Fresh Meat: Green-Eyed Lady by Chuck Greaves

Green-Eyed Lady, a Jack MacTaggart mystery by Chuck GreavesGreen-Eyed Lady by Chuck Greaves is the second legal mystery featuring wise-cracking L.A. attorney Jack MacTaggart (available June 25, 2013).

Back in 1987, over a year before the 1988 presidential election, front-runner Gary Hart dared the reporters to follow him after reports surfaced that he was having an extra-marital affair. They did and he was outed, causing him to drop out of the race for the Democratic nomination. That was certainly damaging to Mr. Hart, who didn’t get a chance to have his name on a presidential ballot. Now, image if you were running for a Senate seat in California, you were the former mayor of Los Angeles, and you were up by ten in the polls with less than a month to go. You’d be doing pretty good, huh? That’s how author Chuck Greaves sets up the sixty-something Warren Burkett in Green-Eyed Lady's opening prologue. The senior citizen was close to sailing to an election victory, until he sees a young woman with green eyes on a dark road. Being the gentleman he is, he stops and renders aid, avoiding a call to the authorities in favor of a quick drive to Mrs. Bridget Rose’s house. Ah, but her purse was stolen, and he gallantly helped her by breaking a window and letting in the bedraggled young woman. They gaze at a painting by Morisot above the mantle and then Rose starts to undress the candidate and leads him to the bedroom. When he wakes up, his clothes are gone, she’s gone, and, most importantly, so is the painting. Oh, and the police are there.

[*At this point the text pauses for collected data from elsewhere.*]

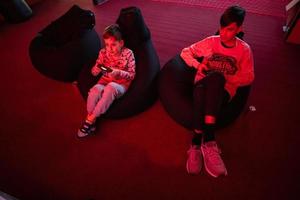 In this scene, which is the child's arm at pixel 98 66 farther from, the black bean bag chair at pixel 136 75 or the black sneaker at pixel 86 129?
the black sneaker at pixel 86 129

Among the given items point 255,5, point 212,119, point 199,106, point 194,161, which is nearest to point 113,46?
point 199,106

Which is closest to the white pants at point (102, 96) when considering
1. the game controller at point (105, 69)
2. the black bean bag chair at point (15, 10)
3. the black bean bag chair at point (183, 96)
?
the game controller at point (105, 69)

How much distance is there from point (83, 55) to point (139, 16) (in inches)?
28.7

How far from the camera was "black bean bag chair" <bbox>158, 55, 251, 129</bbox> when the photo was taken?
1.81 meters

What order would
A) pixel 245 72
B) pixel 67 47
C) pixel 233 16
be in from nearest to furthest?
pixel 233 16
pixel 245 72
pixel 67 47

What do you think the lead in the polls is going to do? Exactly.

To counteract this growing kerfuffle, Burkett hires Jack MacTaggart, an L.A. attorney with oodles of witty comebacks. He has his own law firm in Pasadena that he shares with fellow partner Marta “Mayday” Suarez. Now, I’ll admit that it took me a little bit before I stopped envisioning Grace Jones (the James Bond villain/girl from A View to a Kill), but perhaps that’s just me. Of the two partners, Mayday’s the nuts-and-bolts one, always tapping away at a computer, while MacTaggart's the rapid-fire one, trying to stay one step ahead of the pack. It makes for some fun, breezy reading.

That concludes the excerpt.